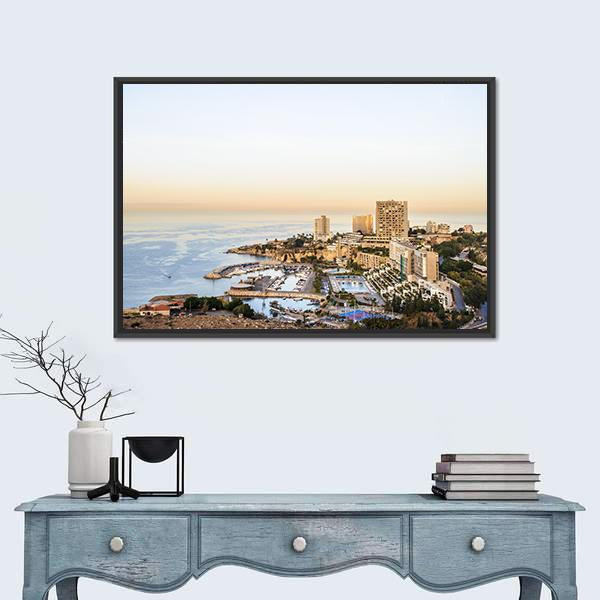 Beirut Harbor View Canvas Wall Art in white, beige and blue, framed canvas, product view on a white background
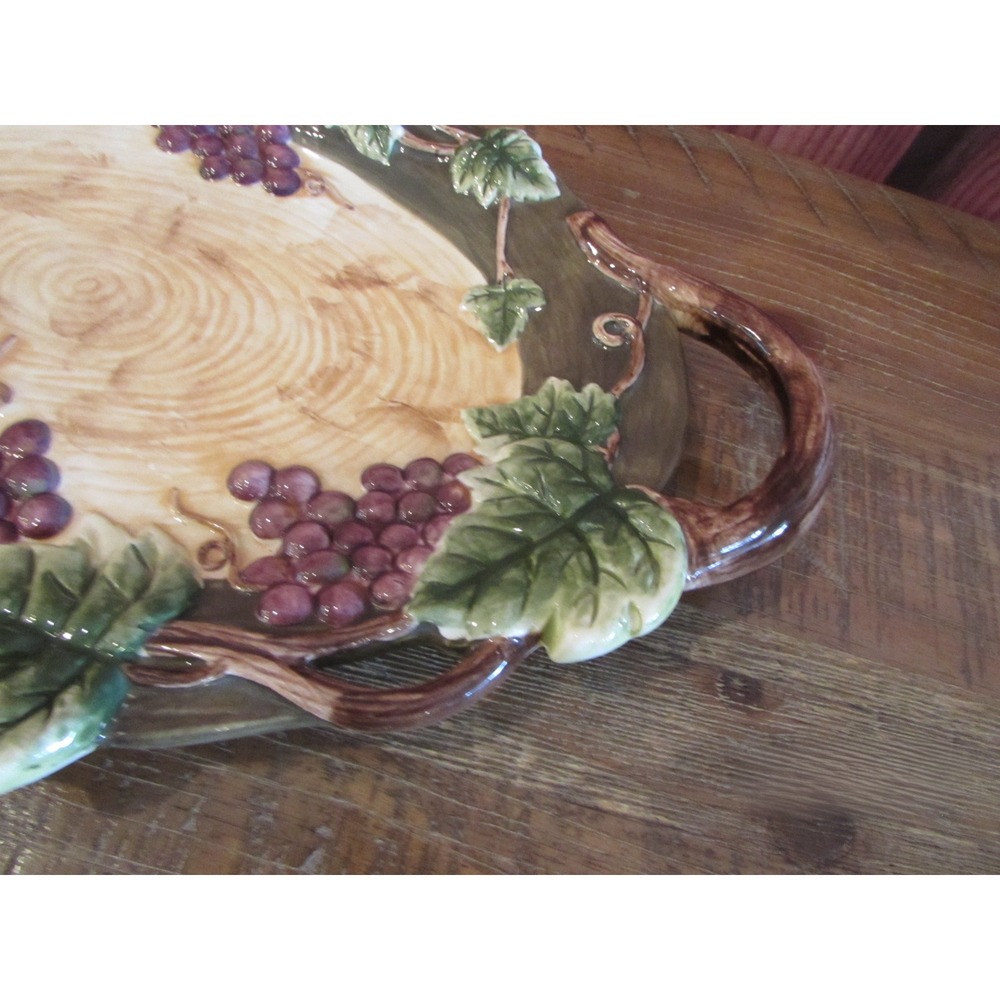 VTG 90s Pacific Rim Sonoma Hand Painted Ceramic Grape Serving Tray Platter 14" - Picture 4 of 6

--

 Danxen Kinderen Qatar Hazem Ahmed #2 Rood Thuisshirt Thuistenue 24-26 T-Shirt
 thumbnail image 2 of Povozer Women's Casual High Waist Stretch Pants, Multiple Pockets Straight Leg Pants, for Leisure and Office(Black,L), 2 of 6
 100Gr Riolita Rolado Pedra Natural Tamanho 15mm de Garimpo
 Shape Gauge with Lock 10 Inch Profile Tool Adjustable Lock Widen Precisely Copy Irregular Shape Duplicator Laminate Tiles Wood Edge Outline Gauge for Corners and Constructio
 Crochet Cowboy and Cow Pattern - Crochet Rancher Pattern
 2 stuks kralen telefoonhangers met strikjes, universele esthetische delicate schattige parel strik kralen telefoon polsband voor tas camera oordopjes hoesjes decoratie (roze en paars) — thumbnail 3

_WHAT THE TASK ASKS:_ Return every line from the records above that holds the word "thumbnail".

_TASK OUTPUT:_
 thumbnail image 2 of Povozer Women's Casual High Waist Stretch Pants, Multiple Pockets Straight Leg Pants, for Leisure and Office(Black,L), 2 of 6
 2 stuks kralen telefoonhangers met strikjes, universele esthetische delicate schattige parel strik kralen telefoon polsband voor tas camera oordopjes hoesjes decoratie (roze en paars) — thumbnail 3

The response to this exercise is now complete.